I attended the Madison summit, hosted by Mayor Paul Soglin, and found four hot topics from the event particularly interesting.
“Scared Lawyer” Policies
During the summit, there were a number of discussions around policies that favor incumbent firms. These act as frictions toward building a prosperous entrepreneurial ecosystem. Some examples of these types of policies present in Wisconsin are:
• Non-compete laws: A thoroughly researched topic by the Kauffman Foundation and other scholars, non-compete laws can be prohibitive to spinoff companies and slow innovation. Wisconsin currently has relatively strong non-compete laws and there is legislation under consideration that could make them stronger. Enacting stronger laws against skilled individuals starting a company in their field will only lead to fewer innovative companies and more skilled workers leaving your state, like the case in Wisconsin’s neighbor, Michigan, in the 1980s.

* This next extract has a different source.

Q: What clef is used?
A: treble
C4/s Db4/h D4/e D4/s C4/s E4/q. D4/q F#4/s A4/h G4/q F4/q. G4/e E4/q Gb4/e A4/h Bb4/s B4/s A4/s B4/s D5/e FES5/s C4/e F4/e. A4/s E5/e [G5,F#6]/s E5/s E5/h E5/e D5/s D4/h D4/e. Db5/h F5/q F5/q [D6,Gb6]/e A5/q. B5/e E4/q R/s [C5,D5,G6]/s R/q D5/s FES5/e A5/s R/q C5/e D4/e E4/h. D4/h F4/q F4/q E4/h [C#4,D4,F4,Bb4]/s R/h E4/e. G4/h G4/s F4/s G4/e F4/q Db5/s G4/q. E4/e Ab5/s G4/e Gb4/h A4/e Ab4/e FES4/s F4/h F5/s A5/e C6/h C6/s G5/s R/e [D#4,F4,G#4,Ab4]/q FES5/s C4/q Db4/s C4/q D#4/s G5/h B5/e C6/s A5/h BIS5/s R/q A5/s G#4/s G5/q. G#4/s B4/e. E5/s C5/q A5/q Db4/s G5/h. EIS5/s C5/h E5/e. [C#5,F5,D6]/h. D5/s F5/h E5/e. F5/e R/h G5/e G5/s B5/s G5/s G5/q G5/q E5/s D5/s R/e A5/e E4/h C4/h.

• Procurement Policy: One revenue source for entrepreneurs that is underutilized is government contracts. When governments issue very specific and detailed requests for products or services, they necessarily shut out young firms that don’t have the flexibility or scale to fulfill these requests. Meanwhile, old firms have an advantage having fulfilled previous contracts and government misses out on potential innovative solutions that startups can imagine. Nationally, state and local government procurement represents $450 billion of spending each year. This can offer young firms a great opportunity for growth if procurement reform lessens the requirements to participate, deemphasizes a prescriptive process, and allows the most innovative and efficient company solve it.

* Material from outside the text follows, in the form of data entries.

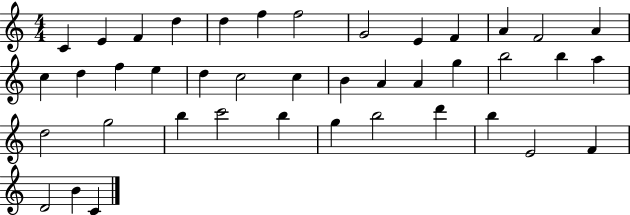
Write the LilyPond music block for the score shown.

{
  \clef treble
  \numericTimeSignature
  \time 4/4
  \key c \major
  c'4 e'4 f'4 d''4 | d''4 f''4 f''2 | g'2 e'4 f'4 | a'4 f'2 a'4 | \break c''4 d''4 f''4 e''4 | d''4 c''2 c''4 | b'4 a'4 a'4 g''4 | b''2 b''4 a''4 | \break d''2 g''2 | b''4 c'''2 b''4 | g''4 b''2 d'''4 | b''4 e'2 f'4 | \break d'2 b'4 c'4 | \bar "|."
} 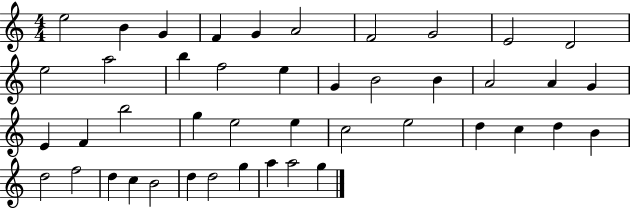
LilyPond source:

{
  \clef treble
  \numericTimeSignature
  \time 4/4
  \key c \major
  e''2 b'4 g'4 | f'4 g'4 a'2 | f'2 g'2 | e'2 d'2 | \break e''2 a''2 | b''4 f''2 e''4 | g'4 b'2 b'4 | a'2 a'4 g'4 | \break e'4 f'4 b''2 | g''4 e''2 e''4 | c''2 e''2 | d''4 c''4 d''4 b'4 | \break d''2 f''2 | d''4 c''4 b'2 | d''4 d''2 g''4 | a''4 a''2 g''4 | \break \bar "|."
}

• Tax Incentives: Attendees at the summit were frustrated with government giving tax incentives to companies they don’t consider entrepreneurs. But tax credits and incentives aren’t golden tickets for entrepreneurial communities. Research has shown that tax credits don’t positively affect entrepreneurship, but they can negatively impact it by not dedicating that money directly to young and growing firms.
Human Capital and Connections
Two of the most important factors for improving entrepreneurial ecosystems are the overall level of human capital and network connections. Wisconsin has an excellent asset in the University of Wisconsin System. There are 13 four-year universities, 13 freshman-sophomore UW Colleges campuses spread across the state that enroll 180,000 students each year. Universities are critical in developing the human capital necessary to start innovative companies. Leveraging a strong university system that can facilitate and strengthen connections and expertise will be key to a flourishing entrepreneurial environment in Wisconsin. Read more …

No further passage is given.